• WHAT IS NEEDED: As you print the data below, keep every line exactly as it is and leave the images behind.

• GIVEN INFORMATION:
■ ■ ■ ■
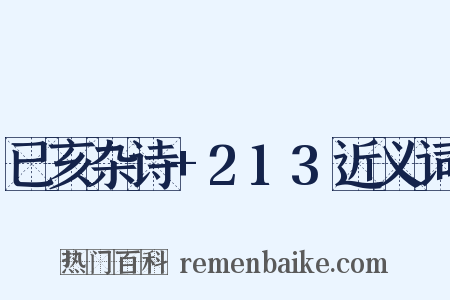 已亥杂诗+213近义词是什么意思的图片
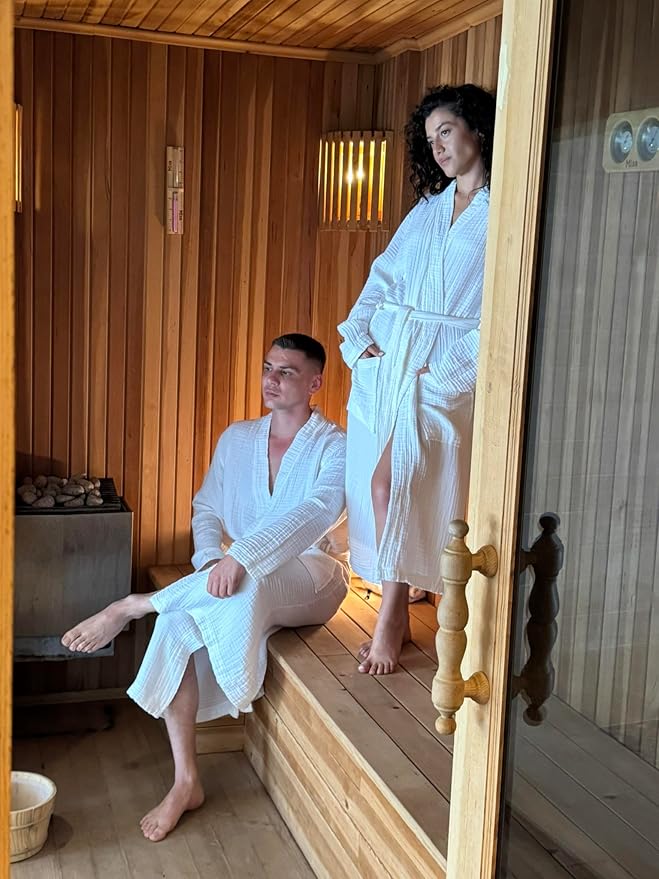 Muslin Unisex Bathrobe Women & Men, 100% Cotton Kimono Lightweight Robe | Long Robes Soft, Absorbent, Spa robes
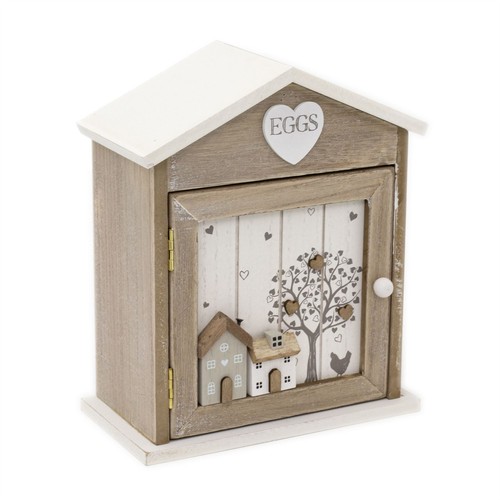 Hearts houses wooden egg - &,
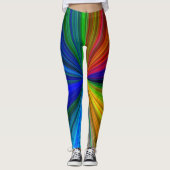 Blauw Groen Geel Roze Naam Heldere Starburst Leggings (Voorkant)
■ ■ ■ ■
• WRITTEN REPLY:
 已亥杂诗+213近义词是什么意思的图片
 Muslin Unisex Bathrobe Women & Men, 100% Cotton Kimono Lightweight Robe | Long Robes Soft, Absorbent, Spa robes
 Hearts houses wooden egg - &,
 Blauw Groen Geel Roze Naam Heldere Starburst Leggings (Voorkant)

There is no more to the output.